▶ Exercise
For every entry below, give an exact repeat and leave out the pictures.
START Records shown
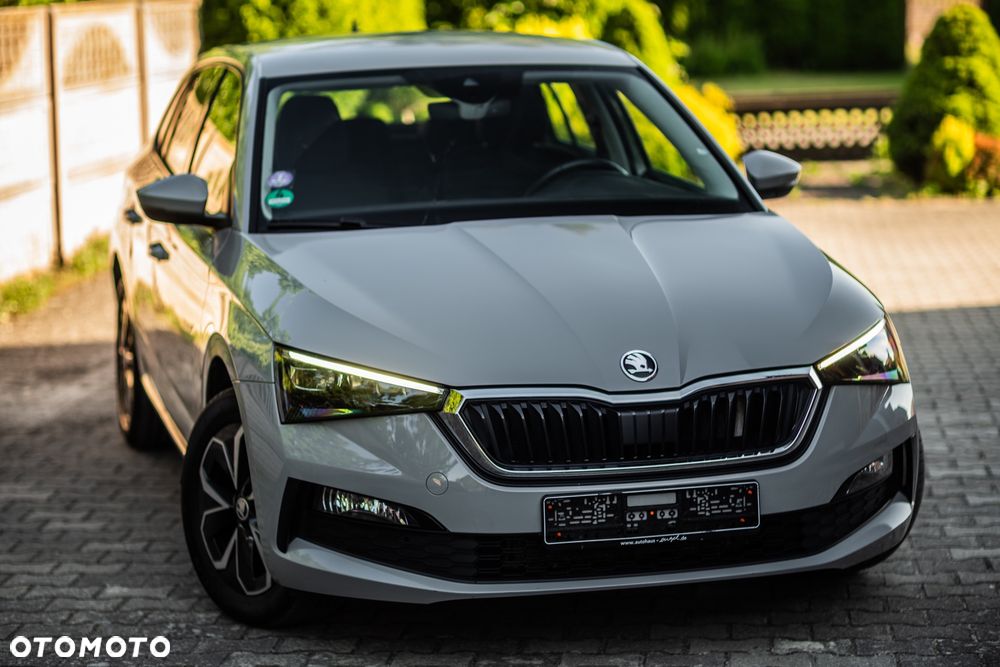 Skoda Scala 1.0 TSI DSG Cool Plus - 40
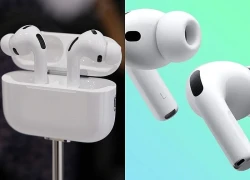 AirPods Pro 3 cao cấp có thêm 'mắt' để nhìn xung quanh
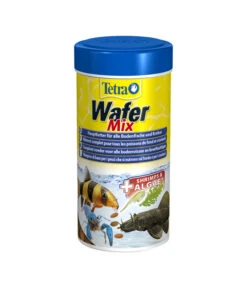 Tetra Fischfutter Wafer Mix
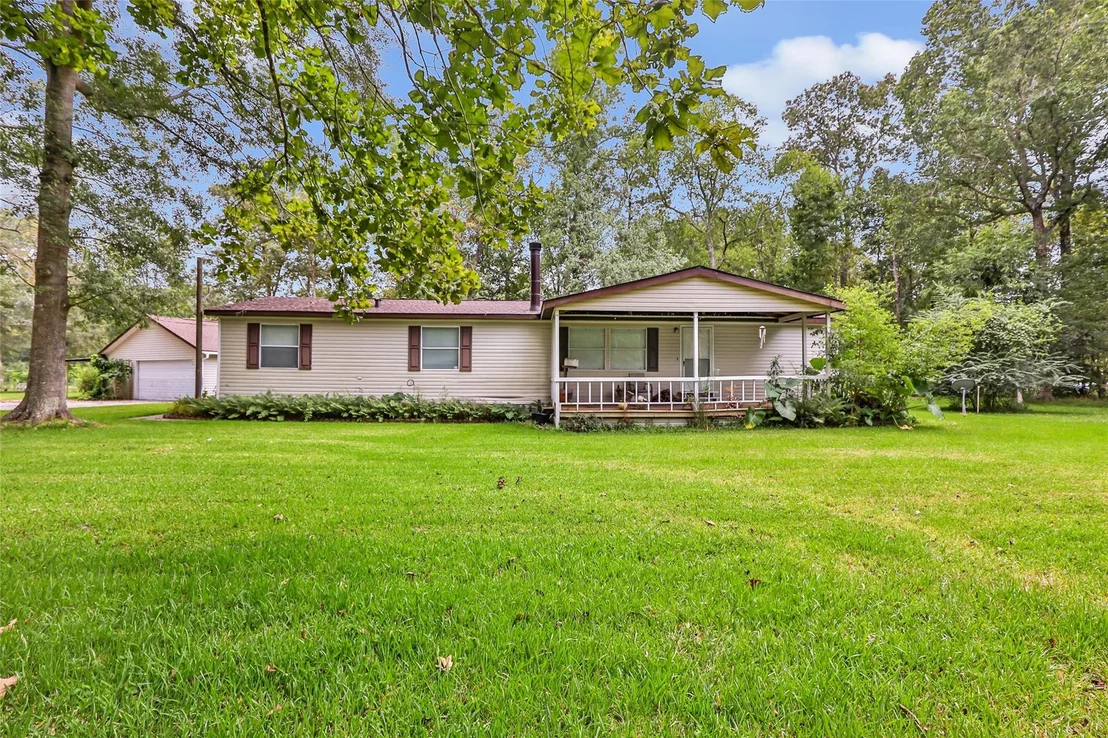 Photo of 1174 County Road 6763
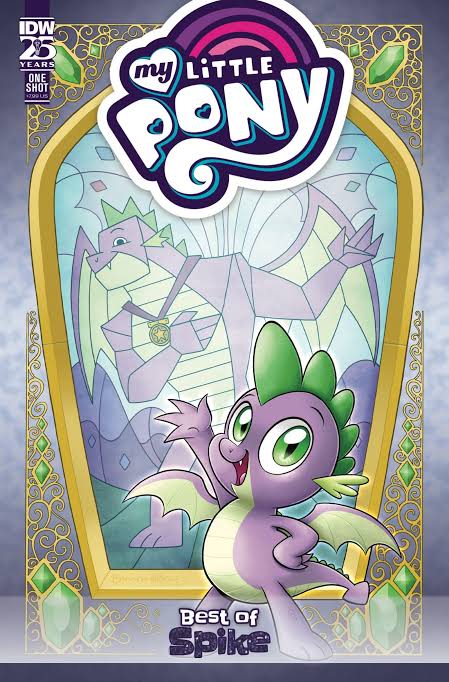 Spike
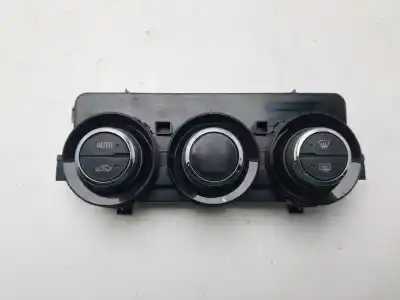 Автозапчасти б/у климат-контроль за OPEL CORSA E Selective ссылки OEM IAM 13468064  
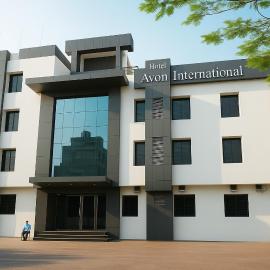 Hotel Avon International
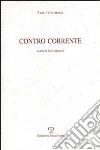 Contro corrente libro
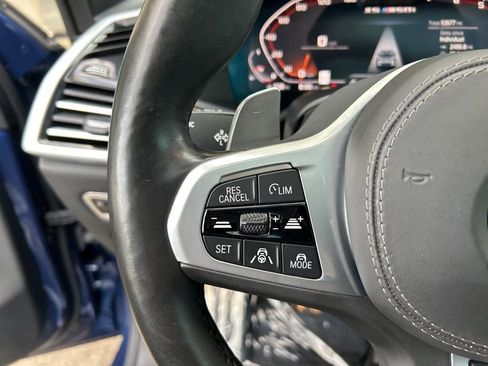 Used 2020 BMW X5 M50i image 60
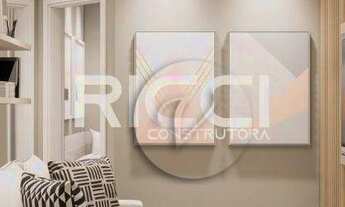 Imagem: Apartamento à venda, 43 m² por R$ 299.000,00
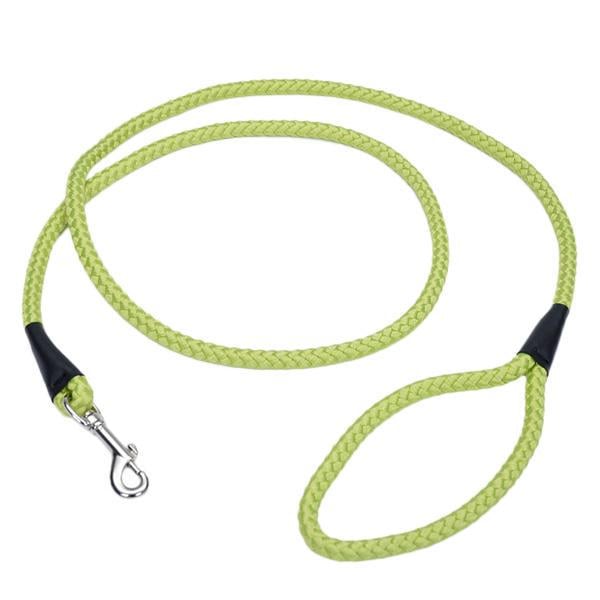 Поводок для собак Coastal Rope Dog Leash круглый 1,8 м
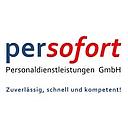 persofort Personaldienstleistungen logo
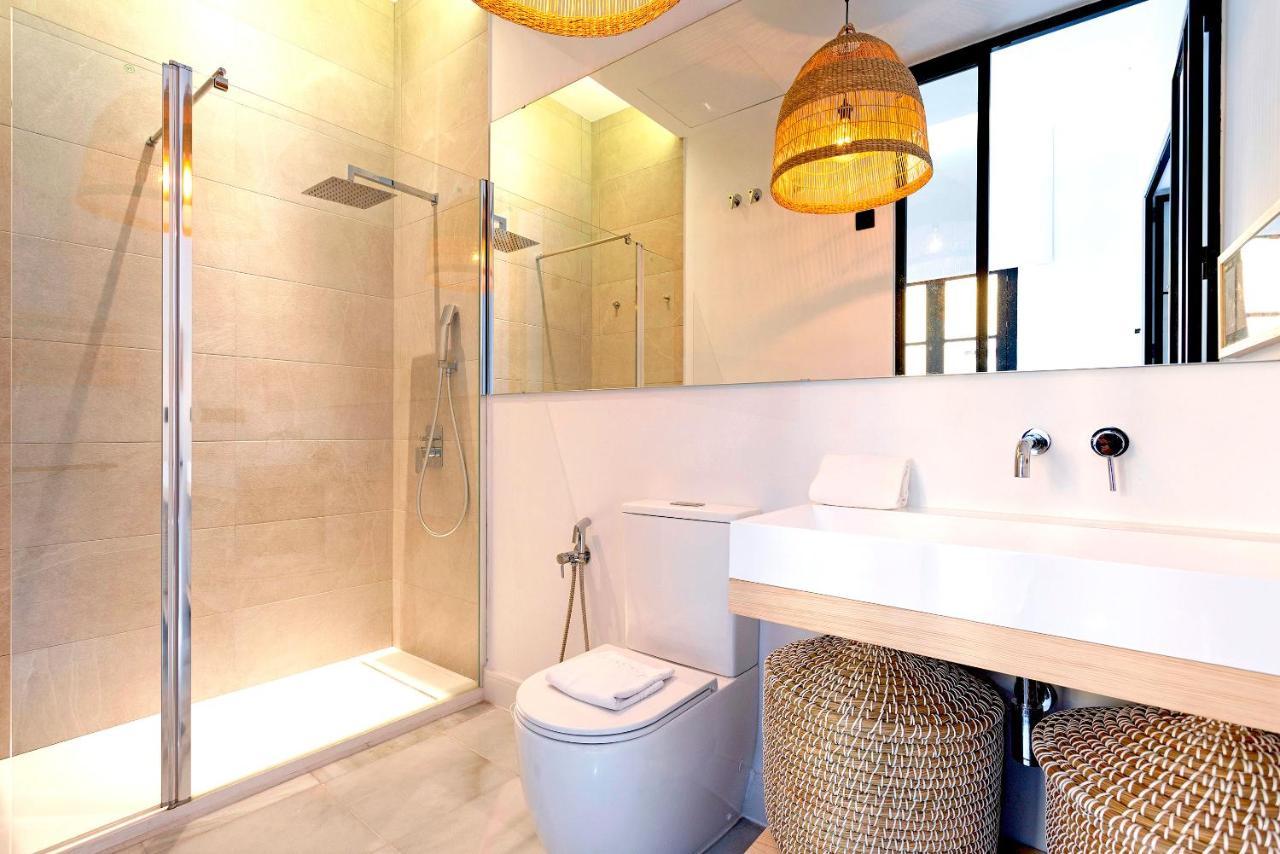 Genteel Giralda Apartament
END Records shown
▶ Output below
 Skoda Scala 1.0 TSI DSG Cool Plus - 40
 AirPods Pro 3 cao cấp có thêm 'mắt' để nhìn xung quanh
 Tetra Fischfutter Wafer Mix
 Photo of 1174 County Road 6763
 Spike
 Автозапчасти б/у климат-контроль за OPEL CORSA E Selective ссылки OEM IAM 13468064  
 Hotel Avon International
 Contro corrente libro
 Used 2020 BMW X5 M50i image 60
 Imagem: Apartamento à venda, 43 m² por R$ 299.000,00
 Поводок для собак Coastal Rope Dog Leash круглый 1,8 м
 persofort Personaldienstleistungen logo
 Genteel Giralda Apartament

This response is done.